鉄瓶のお湯は、どこかやさしい。口当たりが柔らかく、角が取れたように感じます。自然に鉄分も補えると思うと、体にも良いことをしている気がして、少しうれしくなります。
紅茶をカップに注ぐと、立ちのぼる湯気と香りが、いつもより深く感じられました。ひと口飲んでみると、「いつもの紅茶なのに、こんなに違うものかな」と思わず笑ってしまいます。
年齢を重ねると、新しいことに挑戦するのは少し億劫になるものです。鉄瓶も、扱いが難しそうに思えるかもしれません。
でも実際は、とてもシンプルでした。
最初はお茶を入れなくても構いません。白湯でも、紅茶でも、ほうじ茶でもいい。まずは「お湯を沸かすだけ」で十分です。

使い終わったら、中のお湯を捨てて、フタを外し、余熱で自然に乾かす。これだけで、サビはほとんど防げます。拭き取ったり、神経質になる必要はありません。
洗うときも、基本は水だけ。洗剤や金属たわしは使いません。鉄瓶の内側は、使うほどに少しずつ育っていくもの。それもまた、楽しみのひとつです。
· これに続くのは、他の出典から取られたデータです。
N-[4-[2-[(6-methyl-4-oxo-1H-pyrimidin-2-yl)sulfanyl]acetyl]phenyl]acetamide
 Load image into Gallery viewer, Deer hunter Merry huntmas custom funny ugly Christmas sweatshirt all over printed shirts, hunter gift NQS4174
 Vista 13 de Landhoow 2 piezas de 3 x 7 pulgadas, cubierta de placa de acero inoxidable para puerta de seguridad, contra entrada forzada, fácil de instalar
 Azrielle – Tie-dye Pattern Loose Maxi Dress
もし赤茶色のサビが出ても、慌てなくて大丈夫。一度お湯を捨てて、何度か沸かしていくうちに、自然と落ち着いてきます。
鉄瓶は「完璧に使う道具」ではなく、「付き合いながら慣れていく道具」なのだと思いました。
火加減も、弱火から中火で十分。強く急ぐ必要はありません。ゆっくり沸かすことで、お湯も、気持ちも、まろやかになります。
忙しかった頃には見過ごしていた、お湯が沸くまでの時間、湯気の揺らぎ、静けさ。そうしたものが、今の自分にはちょうどいいのかもしれません。
もし最近、「ゆっくりお茶を飲んでいないな」「少し気持ちが落ち着かないな」そう感じることがあったら、鉄瓶のある暮らしに、そっと挑戦してみてはいかがでしょうか。
一杯のお湯が、今日の自分を整え、明日の自分を、静かに支えてくれる。
鉄瓶は、そんな小さな安心を、暮らしの中に運んでくれます。